The gateway theory, when applied to drug use, is the theory that the use of less deleterious drugs may lead to a future risk of using more dangerous hard drugs and/or crime. Recently, I was reading a book on backyard chicken raising, and I saw a reference to chickens as the “gateway animals.” In other words, once you get a chicken or four, within a few years you may very well find yourself living on a small plot of land out in the country, surrounded by goats, sheep, rabbits, rows of vegetables and canning supplies, and maybe even a cow or two.
I recognize that this might be an odd way to begin the story of how the inhabitants of a little house in a little neighborhood in Indianapolis wanted to live more self-sufficiently, but I realized, for us, chickens were not the gateway drug. In fact, worms were.
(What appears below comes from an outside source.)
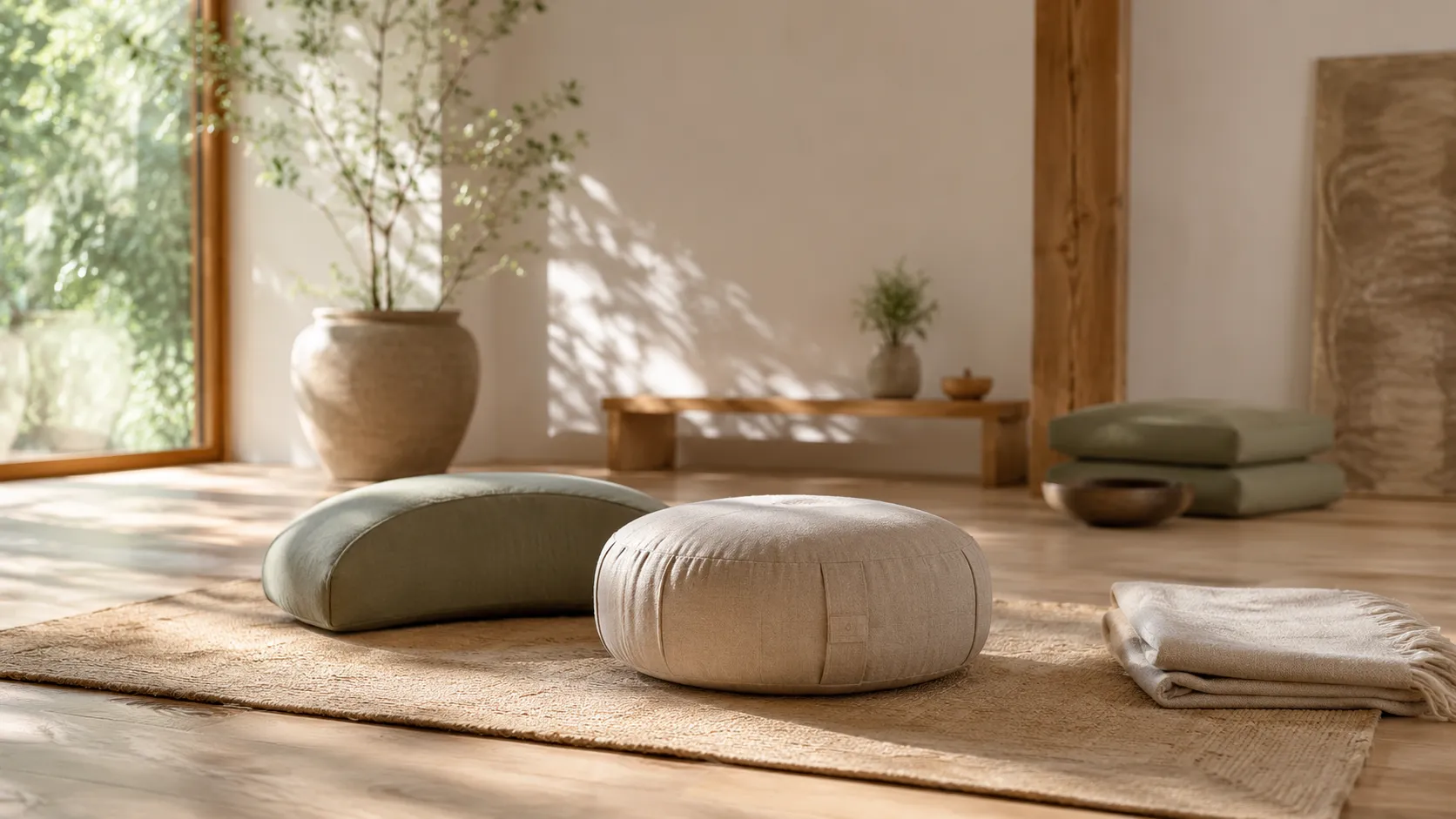 Zafu rond beige et coussin de méditation demi-lune vert sauge posés sur un tapis dans une pièce lumineuse.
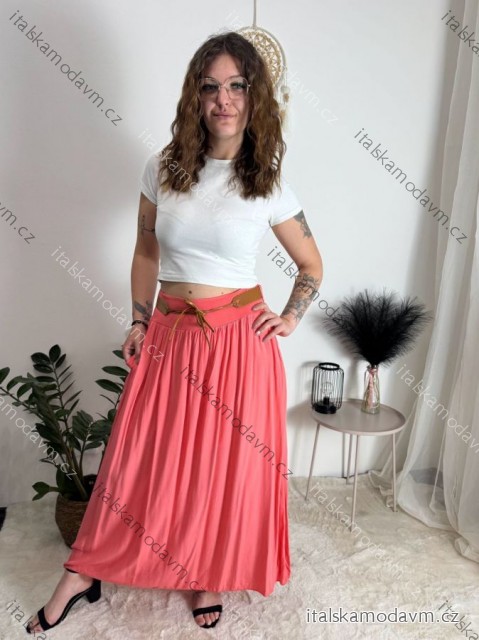 Sukňa dlhá dámska LUCIA (S/M/L ONE SIZE) TALIANSKA MÓDA IMWBL25483/DU lososová S/M/L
This is not to say that we didn’t already have not-so-latent do-it-yourself tendencies or a love for understanding where things come from, how they work, and, most importantly, how to do and make and, ultimately, live for ourselves. But I digress…
This blog will be a place where we share our trials, tribulations, digressions, and successes as we decide how we apply a more self-sufficient aesthetic to our own lives. Part diary, it’ll also simply help us keep track of what went swimmingly well and what we might be able to improve next season. I must emphasize that we don’t know quite what we’re getting ourselves into or have much of a clue what we’re doing, although who really does when they’re first setting out on some magic, chicken-related quest? We’ve got a lot of books and strong backs and brains. At the very least, I’m sure some of our predicaments will be mildly entertaining or outright ridiculous.
So to welcome the new year, I raise my glass to the worms. Yes, the worms, those lovely, unsung gateway animals living in a bin in our pantry who were responsible, in part, for setting us on the path to creating our very own space-farm continuum.